Texte : Alain Nonjon
Quoi de plus réjouissant en période de crise que de fantasmer sur les milliardaires et les millionnaires en dollars, dont on s’accorde à dire que leur nombre progresse, voire va exploser ? Quoi de plus inquiétant aussi de constater, à l’heure du sommet de Davos sur les inégalités, que mondialisation et crise riment avec exclusion et inégalités accrues ? Le planisphère proposé ici combine l’étude du magazine américain Forbes, qui depuis 25 ans livre un recensement des milliardaires de la planète et devient le très recherché who’s who du gotha des fortunes, et celle de la société Wealthinsight qui traque, extrapole, anticipe le nombre de HNWI (High Net Worth Individuals), c’est-à-dire les personnes disposant de plus d’un million de dollars… à investir plutôt qu’à dépenser !
Vous avez dit crise ?
A priori, le chiffre de 1 226 milliardaires en 2012 contre 1 210 en 2011 (et 1 426 en 2013) surfe sur la vague de la crise, surtout quand on fait le bilan global de ces fortunes cumulées : 4 600 milliards de dollars en 2012 (et 5 400 milliards de dollars en 2013 !).

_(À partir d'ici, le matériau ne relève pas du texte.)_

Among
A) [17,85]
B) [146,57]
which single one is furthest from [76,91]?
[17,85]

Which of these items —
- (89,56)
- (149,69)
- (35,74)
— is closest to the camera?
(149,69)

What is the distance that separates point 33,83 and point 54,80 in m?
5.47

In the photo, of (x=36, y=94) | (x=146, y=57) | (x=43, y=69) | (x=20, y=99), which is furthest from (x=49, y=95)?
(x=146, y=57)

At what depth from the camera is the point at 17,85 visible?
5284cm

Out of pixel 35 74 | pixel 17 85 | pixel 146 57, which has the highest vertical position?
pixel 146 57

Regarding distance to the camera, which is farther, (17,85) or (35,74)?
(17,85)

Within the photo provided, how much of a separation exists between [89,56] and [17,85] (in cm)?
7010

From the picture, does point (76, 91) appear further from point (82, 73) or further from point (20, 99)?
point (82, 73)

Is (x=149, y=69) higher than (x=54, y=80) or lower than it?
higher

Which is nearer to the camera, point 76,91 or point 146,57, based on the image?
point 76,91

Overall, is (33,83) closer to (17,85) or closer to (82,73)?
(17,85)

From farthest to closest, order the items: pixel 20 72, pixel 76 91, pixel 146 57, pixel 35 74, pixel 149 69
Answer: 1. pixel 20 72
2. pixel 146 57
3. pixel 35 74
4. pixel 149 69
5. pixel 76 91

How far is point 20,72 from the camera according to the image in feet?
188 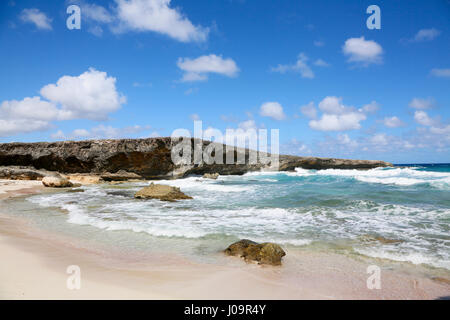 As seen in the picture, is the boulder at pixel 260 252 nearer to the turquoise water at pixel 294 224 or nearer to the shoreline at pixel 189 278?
the shoreline at pixel 189 278

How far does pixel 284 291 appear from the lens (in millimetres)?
3029

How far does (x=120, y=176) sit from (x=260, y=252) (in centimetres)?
2065

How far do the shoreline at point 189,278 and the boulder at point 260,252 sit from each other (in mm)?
143

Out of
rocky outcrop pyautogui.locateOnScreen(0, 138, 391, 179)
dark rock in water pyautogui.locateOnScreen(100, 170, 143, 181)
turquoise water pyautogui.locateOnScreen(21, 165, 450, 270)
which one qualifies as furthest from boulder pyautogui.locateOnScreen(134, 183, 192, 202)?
dark rock in water pyautogui.locateOnScreen(100, 170, 143, 181)

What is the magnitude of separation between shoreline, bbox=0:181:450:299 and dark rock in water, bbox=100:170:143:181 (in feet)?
60.3

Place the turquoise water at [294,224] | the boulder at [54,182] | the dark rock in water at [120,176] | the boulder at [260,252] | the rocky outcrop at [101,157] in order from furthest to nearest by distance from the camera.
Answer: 1. the rocky outcrop at [101,157]
2. the dark rock in water at [120,176]
3. the boulder at [54,182]
4. the turquoise water at [294,224]
5. the boulder at [260,252]

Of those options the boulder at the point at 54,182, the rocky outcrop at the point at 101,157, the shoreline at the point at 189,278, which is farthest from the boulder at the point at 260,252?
the rocky outcrop at the point at 101,157

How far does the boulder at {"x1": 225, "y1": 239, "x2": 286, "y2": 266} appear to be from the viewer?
13.0ft

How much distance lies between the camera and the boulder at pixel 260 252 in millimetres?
3965

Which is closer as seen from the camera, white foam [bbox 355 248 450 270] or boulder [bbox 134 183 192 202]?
white foam [bbox 355 248 450 270]

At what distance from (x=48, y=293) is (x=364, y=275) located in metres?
3.91

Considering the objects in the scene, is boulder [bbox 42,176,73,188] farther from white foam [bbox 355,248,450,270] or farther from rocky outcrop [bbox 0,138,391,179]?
white foam [bbox 355,248,450,270] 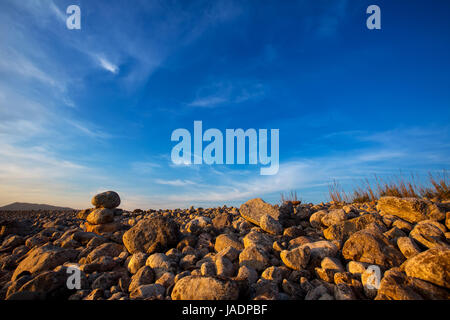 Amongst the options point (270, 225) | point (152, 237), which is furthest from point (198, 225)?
point (270, 225)

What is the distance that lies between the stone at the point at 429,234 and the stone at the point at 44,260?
682cm

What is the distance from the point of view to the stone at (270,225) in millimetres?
5309

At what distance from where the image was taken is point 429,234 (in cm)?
427

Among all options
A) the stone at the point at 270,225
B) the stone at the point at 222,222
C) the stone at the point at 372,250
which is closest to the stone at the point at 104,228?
the stone at the point at 222,222

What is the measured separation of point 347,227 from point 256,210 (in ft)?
6.95

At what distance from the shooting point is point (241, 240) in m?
5.14

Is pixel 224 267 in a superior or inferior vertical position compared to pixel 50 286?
superior

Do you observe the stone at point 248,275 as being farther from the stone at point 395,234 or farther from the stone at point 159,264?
the stone at point 395,234

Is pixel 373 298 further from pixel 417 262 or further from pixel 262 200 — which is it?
pixel 262 200

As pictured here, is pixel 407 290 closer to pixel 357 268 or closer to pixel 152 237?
pixel 357 268

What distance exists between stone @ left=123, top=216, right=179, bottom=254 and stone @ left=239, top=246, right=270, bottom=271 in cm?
187

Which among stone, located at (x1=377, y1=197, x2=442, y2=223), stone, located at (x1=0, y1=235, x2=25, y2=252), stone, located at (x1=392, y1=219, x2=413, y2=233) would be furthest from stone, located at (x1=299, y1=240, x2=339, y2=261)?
stone, located at (x1=0, y1=235, x2=25, y2=252)
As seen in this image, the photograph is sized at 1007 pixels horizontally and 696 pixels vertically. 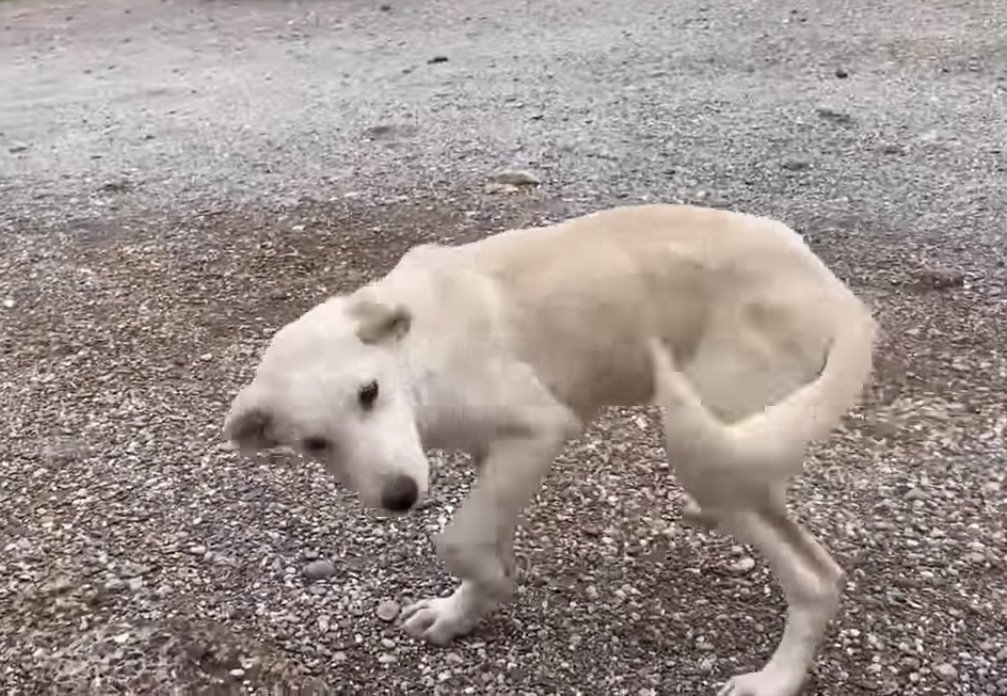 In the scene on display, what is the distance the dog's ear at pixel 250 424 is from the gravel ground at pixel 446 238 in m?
0.58

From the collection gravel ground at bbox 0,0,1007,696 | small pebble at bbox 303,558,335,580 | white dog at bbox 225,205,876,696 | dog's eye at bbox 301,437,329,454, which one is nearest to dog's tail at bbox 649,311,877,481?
white dog at bbox 225,205,876,696

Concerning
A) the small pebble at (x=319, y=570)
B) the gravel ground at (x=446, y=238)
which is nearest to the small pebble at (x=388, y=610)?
the gravel ground at (x=446, y=238)

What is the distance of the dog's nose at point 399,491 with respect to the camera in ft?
5.68

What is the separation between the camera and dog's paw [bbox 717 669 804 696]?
210 centimetres

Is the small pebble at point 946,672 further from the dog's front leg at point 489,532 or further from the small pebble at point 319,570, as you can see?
the small pebble at point 319,570

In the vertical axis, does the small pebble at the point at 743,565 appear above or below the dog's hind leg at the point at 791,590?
below

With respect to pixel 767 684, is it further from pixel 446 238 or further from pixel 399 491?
pixel 446 238

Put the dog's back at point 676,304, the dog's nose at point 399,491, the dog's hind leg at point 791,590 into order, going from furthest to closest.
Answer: the dog's hind leg at point 791,590 → the dog's back at point 676,304 → the dog's nose at point 399,491

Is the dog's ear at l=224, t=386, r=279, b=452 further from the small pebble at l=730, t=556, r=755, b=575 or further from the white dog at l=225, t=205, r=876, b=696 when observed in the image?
the small pebble at l=730, t=556, r=755, b=575

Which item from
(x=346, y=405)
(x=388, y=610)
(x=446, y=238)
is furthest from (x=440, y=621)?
(x=446, y=238)

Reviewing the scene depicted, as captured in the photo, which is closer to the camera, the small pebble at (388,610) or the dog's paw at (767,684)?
the dog's paw at (767,684)

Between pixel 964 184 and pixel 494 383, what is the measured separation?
2.82 meters

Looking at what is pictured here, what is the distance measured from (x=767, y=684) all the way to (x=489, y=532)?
20.6 inches

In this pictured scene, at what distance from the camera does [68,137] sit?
17.5ft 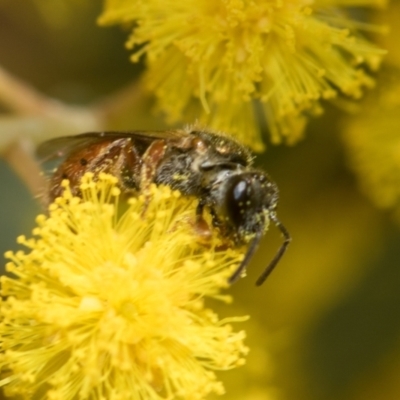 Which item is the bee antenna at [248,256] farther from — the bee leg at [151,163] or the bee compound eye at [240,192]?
the bee leg at [151,163]

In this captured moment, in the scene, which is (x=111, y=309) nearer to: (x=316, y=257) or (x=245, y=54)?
(x=245, y=54)

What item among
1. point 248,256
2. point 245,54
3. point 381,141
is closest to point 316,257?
point 381,141

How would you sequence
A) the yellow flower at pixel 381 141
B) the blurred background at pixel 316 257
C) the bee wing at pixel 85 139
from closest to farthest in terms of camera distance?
the bee wing at pixel 85 139
the yellow flower at pixel 381 141
the blurred background at pixel 316 257

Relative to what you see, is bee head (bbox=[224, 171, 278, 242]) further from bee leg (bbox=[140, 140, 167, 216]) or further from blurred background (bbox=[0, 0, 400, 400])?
blurred background (bbox=[0, 0, 400, 400])

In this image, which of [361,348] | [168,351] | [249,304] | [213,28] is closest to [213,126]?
[213,28]

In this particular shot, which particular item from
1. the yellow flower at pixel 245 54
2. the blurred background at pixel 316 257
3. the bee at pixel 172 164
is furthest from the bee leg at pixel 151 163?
the blurred background at pixel 316 257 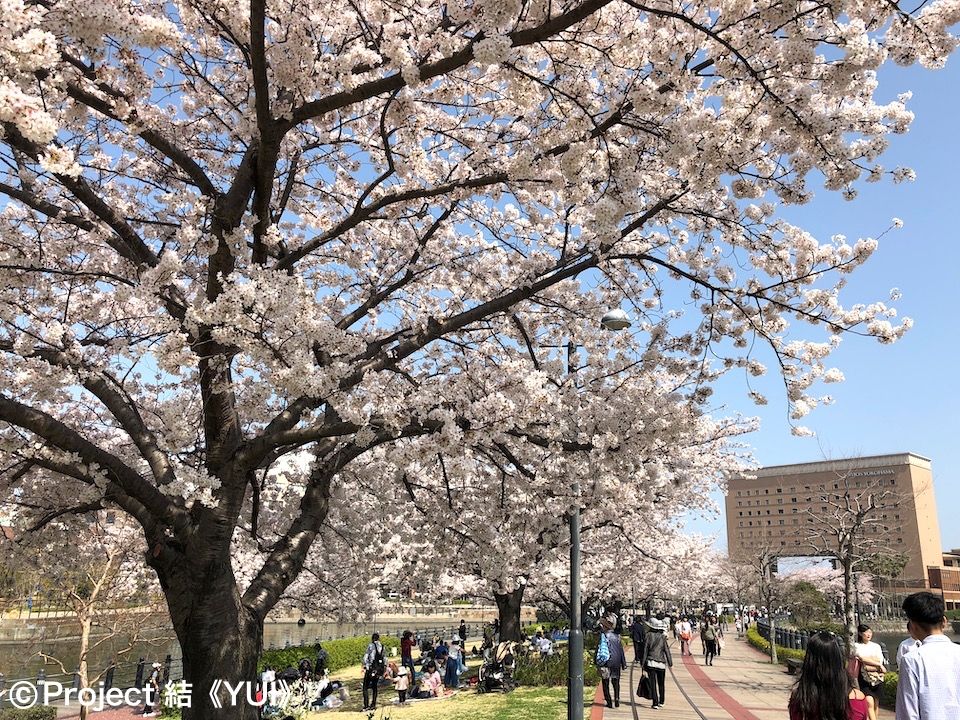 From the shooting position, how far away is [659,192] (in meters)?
7.32

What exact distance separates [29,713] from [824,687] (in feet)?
41.8

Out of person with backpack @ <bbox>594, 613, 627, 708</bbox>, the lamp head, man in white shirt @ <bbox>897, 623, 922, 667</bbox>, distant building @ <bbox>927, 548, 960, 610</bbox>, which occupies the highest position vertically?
the lamp head

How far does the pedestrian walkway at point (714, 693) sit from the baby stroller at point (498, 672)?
6.64 feet

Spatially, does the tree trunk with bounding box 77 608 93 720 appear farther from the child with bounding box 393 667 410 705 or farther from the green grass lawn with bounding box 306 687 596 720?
the child with bounding box 393 667 410 705

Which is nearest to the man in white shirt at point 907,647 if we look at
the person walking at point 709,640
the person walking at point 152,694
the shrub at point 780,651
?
the person walking at point 152,694

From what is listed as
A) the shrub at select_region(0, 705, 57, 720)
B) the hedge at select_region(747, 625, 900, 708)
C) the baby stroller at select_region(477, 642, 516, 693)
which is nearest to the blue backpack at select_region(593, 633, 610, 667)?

Que ce soit dans les secteurs porteurs des communications et des services (Carlos Slim Helú au Mexique) ou dans des conglomérats allant de l’agroalimentaire au ciment, aux transports et aux assurances (Aliko Dangote au Nigeria et Eike Batista au Brésil), les fortunes s’installent, se déploient et se pérennisent. On a l’impression que la crise suscite chez les possédants une inventivité sans cesse renouvelée pour maintenir leurs positions initialement fragilisées.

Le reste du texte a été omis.